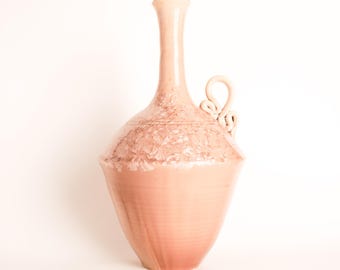Vintage Handmade Studio Pottery Neutral Beige Cream Crystalline Pottery Vase Vessel With Handle Artist Signed Collectable Pottery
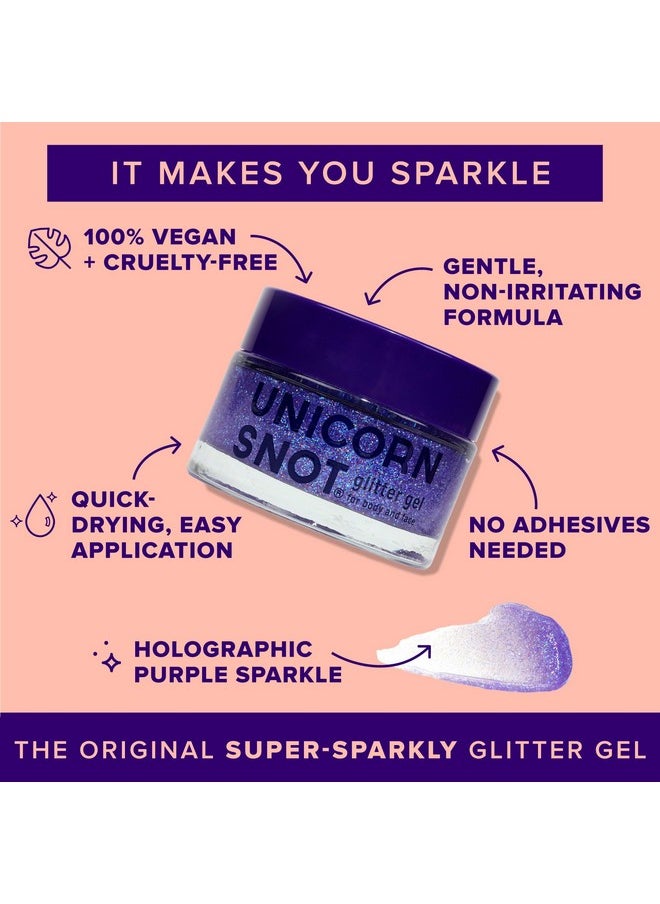 Unicorn Snot Face & Body Glitter Gel - Cosmetic-Grade Holographic Glitter - Stocking Stuffers for Women, Gifts for Teen Girls - Safe & Easy Application & Removal - Purple Glitter, 1.7oz (Ultraviolet)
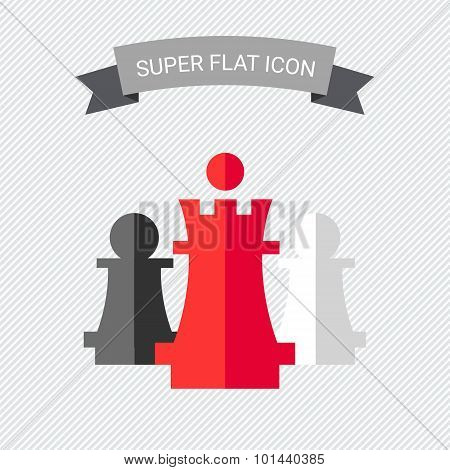 Chess king and pawns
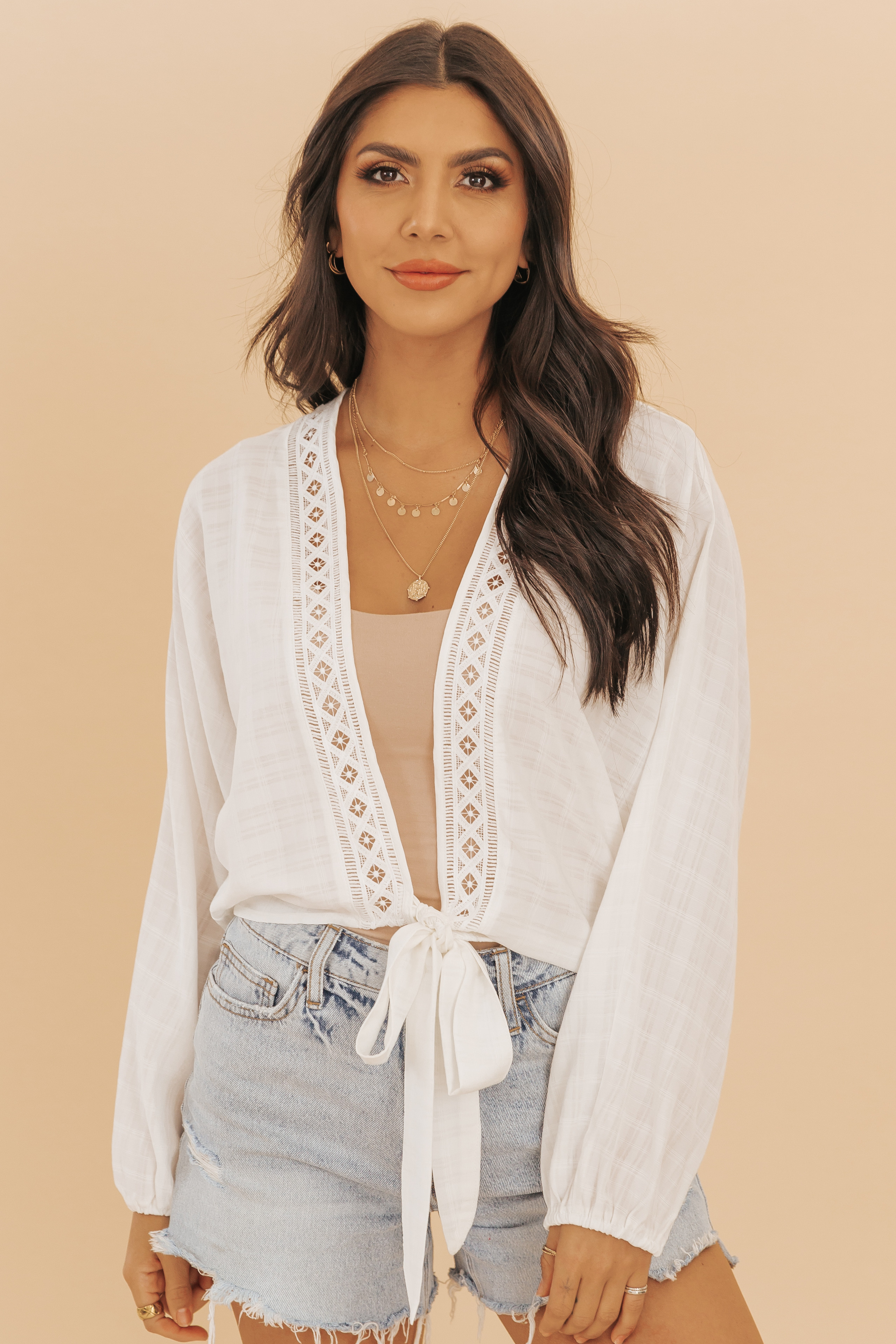 White Textured Front Tie Cardigan | Magnolia Boutique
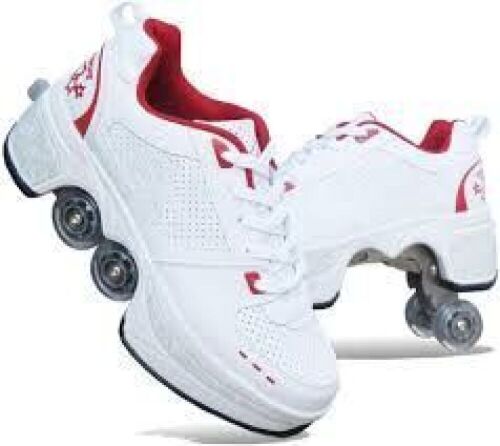 Double-row Deform Wheel Automatic Walking Roller Shoes Deformation Roller Skate 2 In 1 Pop Out Wheel Removable Parkour Pulley Skates Skating Size 5 - Lot 9566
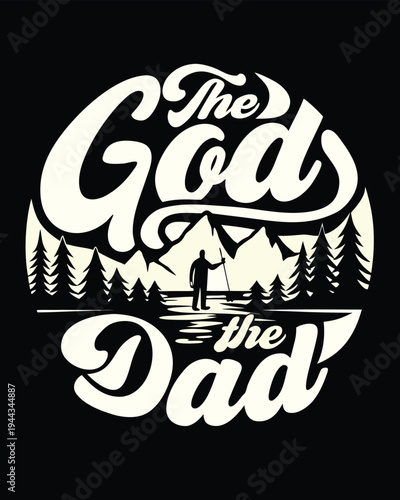 Monochromatic illustration of a silhouetted figure holding stick against a mountainous landscape within stylized text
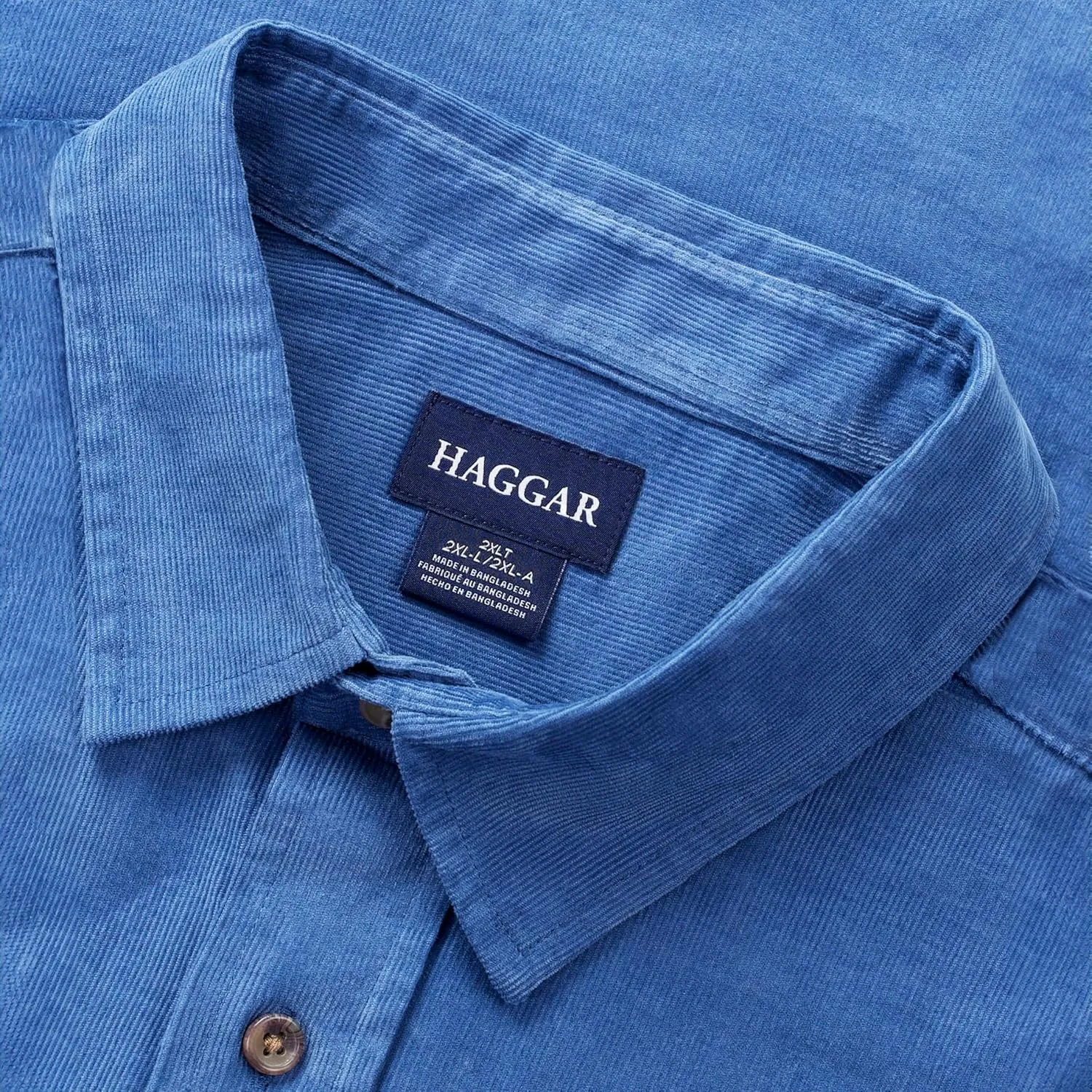 Haggar Men's Long Sleeve Casual Corduroy Button Down Shirt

+++++

§ ABOUT THIS TASK
Starting at the first line of the listing above, write out each line exactly and nothing else until you reach the line containing "White Textured Front", which is included as well; omit all pictures.

§ FINAL ANSWER
Vintage Handmade Studio Pottery Neutral Beige Cream Crystalline Pottery Vase Vessel With Handle Artist Signed Collectable Pottery
 Unicorn Snot Face & Body Glitter Gel - Cosmetic-Grade Holographic Glitter - Stocking Stuffers for Women, Gifts for Teen Girls - Safe & Easy Application & Removal - Purple Glitter, 1.7oz (Ultraviolet)
 Chess king and pawns
 White Textured Front Tie Cardigan | Magnolia Boutique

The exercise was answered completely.